Post-Wedding Depression: What Causes It and How to Cope


Weddings have become huge events in our society. They are planned extensively with binders and Excel tables and venues are booked months or even years in advance. The pandemic affected many couples in 2020 and some are planning on even larger venues for 2021. With all the preparation and excitement, it’s easy to get lost in the whirlwind of wedding day bliss. However, a new phenomenon is unfolding with weddings and that is the post-wedding day depression.


Post-wedding day depression is real and preparing yourself for feeling down the weeks and possibly months following your wedding day can help minimize the effects. While getting married is a journey between you and your spouse, it’s crucial to also keep your life full of friends and everyday experiences to avoid the emptiness you may feel when the honeymoon trip, parties, and planning is over. Placing emphasis on your marriage together rather than the wedding day itself is going to be helpful as well as these five other suggestions.


1. Make note of your feelings. It’s normal to feel a little bit let down after experiencing such an exciting time, but are your feelings actually boredom and not depression? Are you feeling regret over your partner choice, or do you feel a void in losing a part of yourself? Talking about these feelings or journaling about them can help you resolve them.

2. Focus on creating a new hobby or project that will benefit the two of you.

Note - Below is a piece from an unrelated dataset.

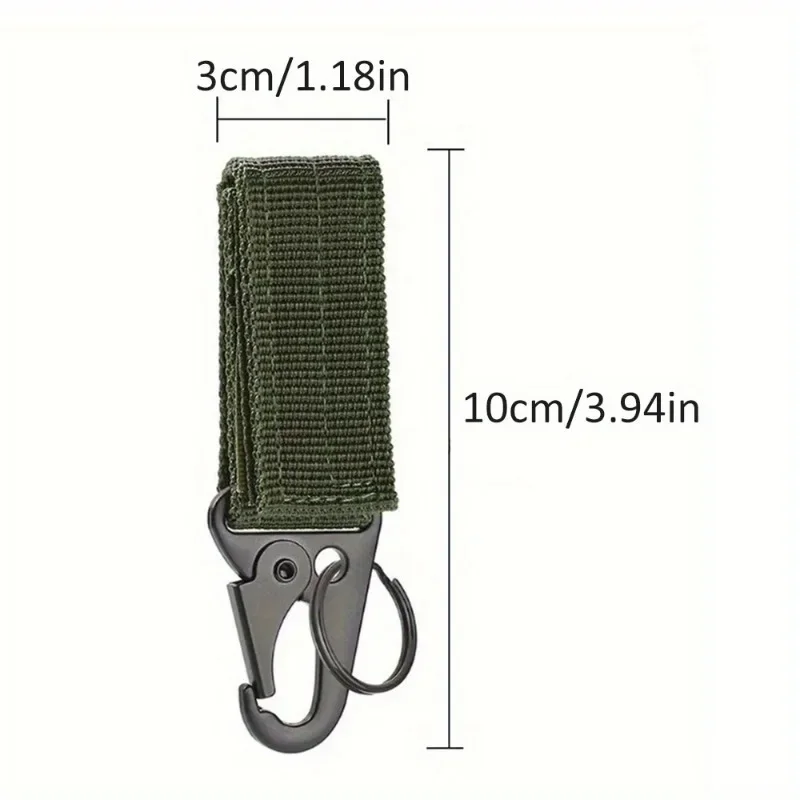 Taktische Gürteltasche, Metallclip, Hakenabdeckung, Nylon, Rucksack, Wandern, Handytasche, taktische Ausrüstung, Klettverschluss, Schlüsselanhänger, schwarzer Metallhaken – Detail 7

What creative juices have you always had but never took the time for? Candlelight dinners, taking small day trips together, and learning to cook a new cuisine are options to explore. It can help you change your perspective from feeling empty to feeling unlimited in creating a marriage you both love.

3. Spend time with family and friends who embrace your marriage. Finding other supportive and well-adjusted married couples helps you feel connected. They also are a good support system to share struggles with that come up in the early years of marriage.

4. Pre-marital counseling is good, but post-marital counseling is better. Sometimes what you’re feeling isn’t something you can share with your partner. Talking to a therapist can help you understand your feelings so you can communicate it in a way that will bring you even closer to your partner.

5. Give yourself time. Post-marriage depression does happen, and many couples struggle with the feeling of letdown after their big day. Accept these feelings as part of being human instead of denying them. Marriage is a transition; although the wedding day is filled with excitement and attention, the fact that you found someone to share your life with is the most important part of the celebration.


The wedding day was one day, but your marriage is forever. There is so much living and loving left to do. Feel and accept your melancholy feelings but allow them to be overcome by your daily commitment and gratitude for your spouse.